Noa, o dell’imprevedibile realtà
Si può classificare, etichettare, chiudere in scatolette la realtà? No. La realtà è imprevedibile. Non folle, perché la follia è la perdita di senso. Ma imprevedibile, perché chiede di trovare un senso (che c’è, sempre) in mezzo alla moltitudine di accadimenti e di destini che ci vengono posti innanzi. Come lo scorrere infinito dei post di un social network: sembra che non esista un filo conduttore e invece, per chi sa leggervi dentro, il filo c’è, e porta dritto al cuore dell’uomo.

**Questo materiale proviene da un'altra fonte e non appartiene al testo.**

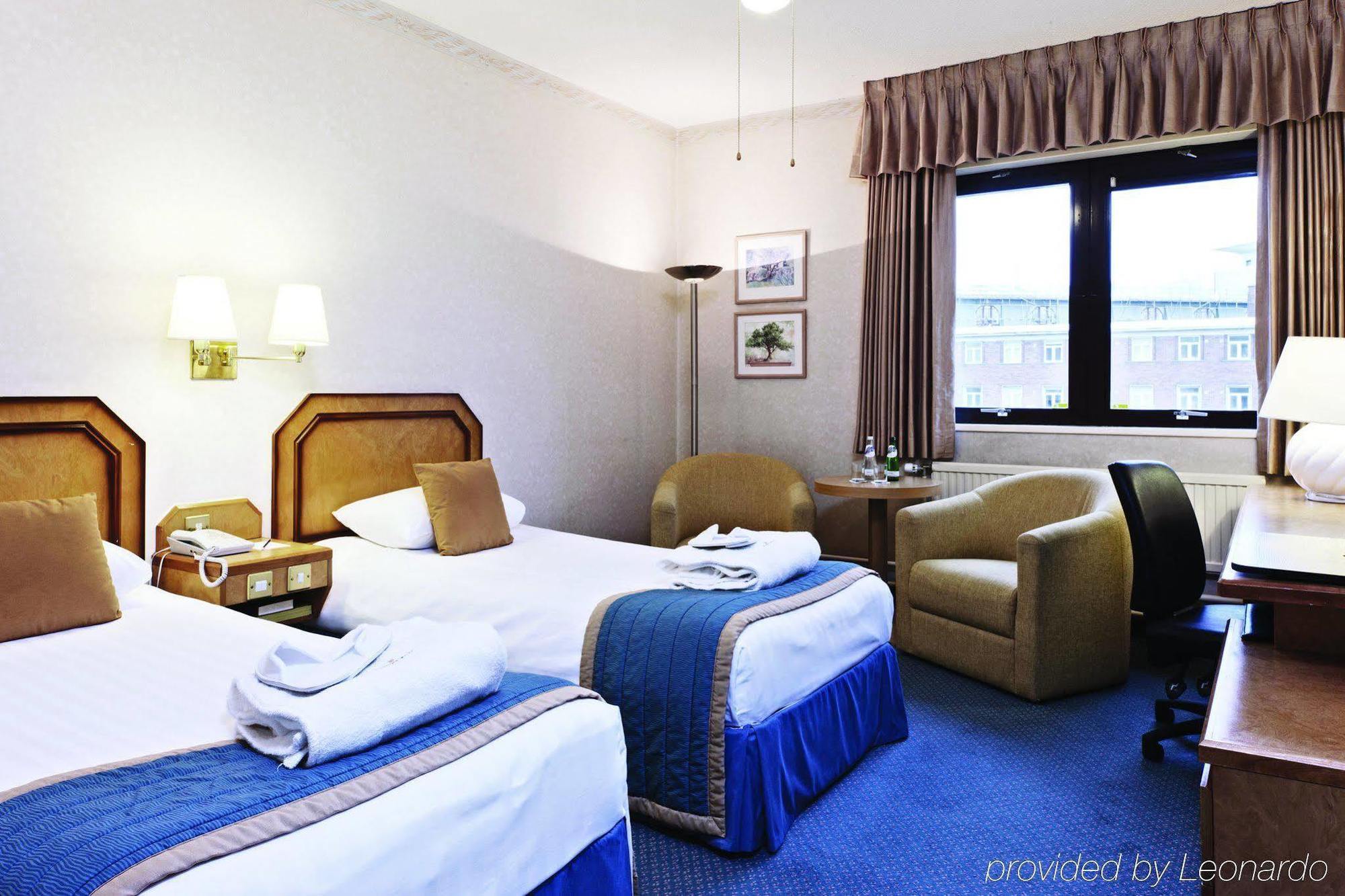 Copthorne Hotel 4*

Come la realtà che così genialmente rappresenta, anche Stefano Andrini non è folle. E’ imprevedibile. E questo racconto sfugge ai soliti tentativi di classificazione. È una sorta di leopardiano Paralipomeni alla Batracomiomachia, che amalgama realismo e surrealismo, passato e contemporaneità, uomini e castori, disfatta e speranza. Dove le sorti dell’Emilia Romagna, ma in realtà del mondo intero, sono in mano a personaggi (casualmente?) femminili: da una presidentessa americana dal nome quanto mai tendenzioso di Himmary a Castoro De’ Boschi, che altrettanto tendenziosamente si scopre essere un animale, appunto, femmina; sino all’ispettore, ma in realtà ispettrice, Natiseau. Il salvatore del mondo, però, è un bambino che piange in lontananza.

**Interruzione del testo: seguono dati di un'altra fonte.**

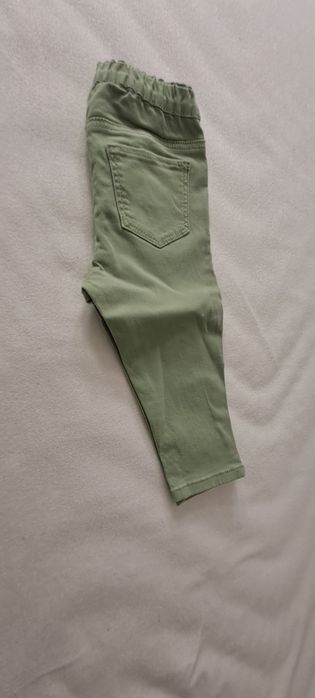 Vând blugi băieți marca HM marimea 80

Allusione, per chi si riconosce nelle radici cristiane della nostra civiltà, al fatto che tristezza e dolore sono necessari a una vita pienamente umana. Come in Inside out, cartone poco per bambini e molto per adulti. Già, perché anche i film c’entrano con questo racconto. Per la verità c’entrano un sacco di cose: Bud Spencer e Terence Hill, Bono Vox e Bruce Springsteen, Mick Jagger e Guccini, Dante e Manzoni. Insomma la vita, la realtà. Voci apparentemente sconnesse, che ascoltate insieme, a sorpresa, formano un unico coro.
Viene in mente il percorso di uno scrittore di cui si è tornati a parlare molto in questi ultimi tempi: Eugenio Corti. Verso la fine della carriera questo autore, che aveva fatto della realtà scrutata sino al dettaglio la fonte incondizionata della sua ispirazione, è stato preso dal desiderio di scrivere una favola, genere in cui non si era mai cimentato. Ha voluto ambientarla nel periodo storico che gli piaceva di più: il Medioevo. Ma la favola non riusciva a innamorare Corti come la realtà; o forse, più semplicemente, Corti non era fatto per la favola. E così la fantasia ha ceduto al documento, nel volto immaginato della santa protagonista lo scrittore cercava il volto della sua fidanzata, nel comportamento della Beata quello della ragazza reale. Sino alla confessione inaspettata: la favola gli era di ostacolo.
Nelle prime pagine di Noa, quando il lettore non ancora introdotto nella vicenda è totalmente arreso all’alterità e all’imprevedibilità di quanto verrà a conoscere, si rimane colpiti dalla frequenza delle similitudini, tutte germinate dalla realtà sperimentata (e sperimentabile).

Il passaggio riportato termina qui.